There are many metaphors that people use to describe cancer… a dark scary cave, a parasite, an obstacle, a roadblock, a hard stroke of fate, a great burden, a marathon, a drama, a dance. Understandably, Lance Armstrong, visualized his cancer as the most important bicycle race he’d ever entered.
I entitled my very first blog post about cancer “A new journey…” using one of the most common analogies for the disease. Is it any wonder that someone like myself, struck with wanderlust, would use a travel metaphor? It seemed to come naturally to me, and I have continued to use it ever since.
Having cancer is like going on a journey without a map. We have no idea how long the trip will be or where it will take us. There are unexpected twists and turns and bumps in the road. Thankfully, I don’t travel it alone. Just as he was always by my side as we explored various parts of Asia, Richard is my traveling companion. The journey is as much his as mine and the outcome will affect him as much as me. Unlike many of our wanderings in countries like South Korea, Vietnam and Cambodia, we don’t make this trip without travel guides. We have a whole team of medical professionals showing us the way and a host of friends and family cheering us on.

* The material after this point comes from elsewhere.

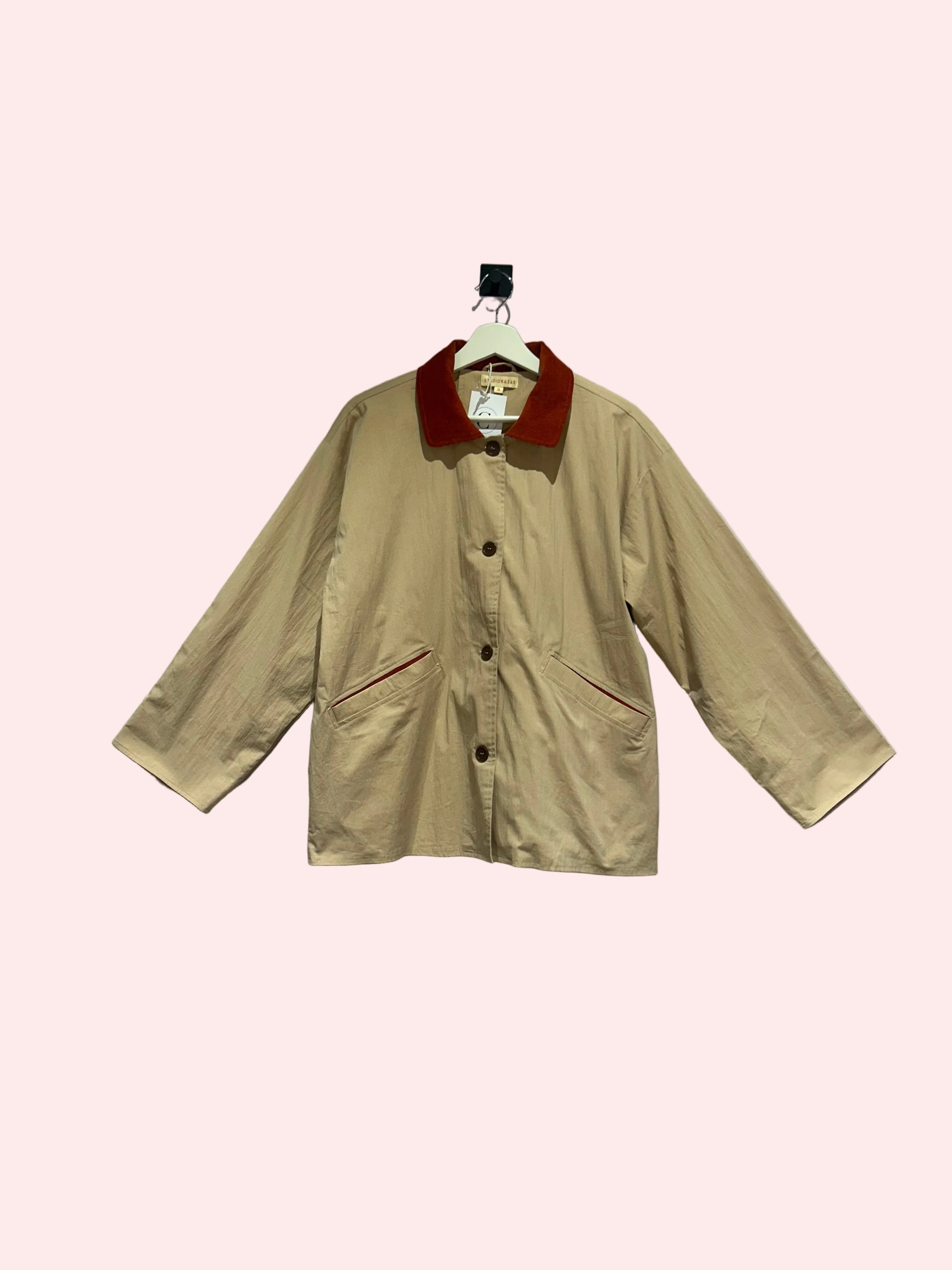 Studio Bazar Puffer Jackets S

This is not the only metaphor that I use to refer to my cancer, however. The military metaphor seems to have fallen from favour in recent times, but I believe that it is apt and I, for one, will continue to use it. As fellow neuroendocrine cancer warrior, Ronny Allan, recently wrote on his blog,
“I don’t like Cancer – it attacked me, it attacked my family, it attacked others I know, it has killed people I know……. it has killed millions of people and changed many lives. I’m ‘fighting’ Cancer. I’m in a ‘battle’ with Cancer.”
Yes, Ronny. Yes, you are. We both are. We’re fighting for our lives and cancer is the enemy!
Apparently, there are both bloggers and professionals who don’t think that we should use this kind of language. Some claim that such language is inherently masculine, power-based and paternalistic. Really? Girls can’t fight? You just watch me! Others feel that using a military metaphor suggests that if one loses the war against cancer, she must not have fought hard enough. Nonsense! If I lose this battle, it will be because the weapons of this war are not yet perfected and our understanding of the enemy is limited.
We do have weaponry, however. We fight with surgical tools and with chemical and nuclear warfare. Like soldiers, we strive to carry ourselves through battle with courage, grace, and dignity and most of us have scars to show that we’ve been engaged in battle.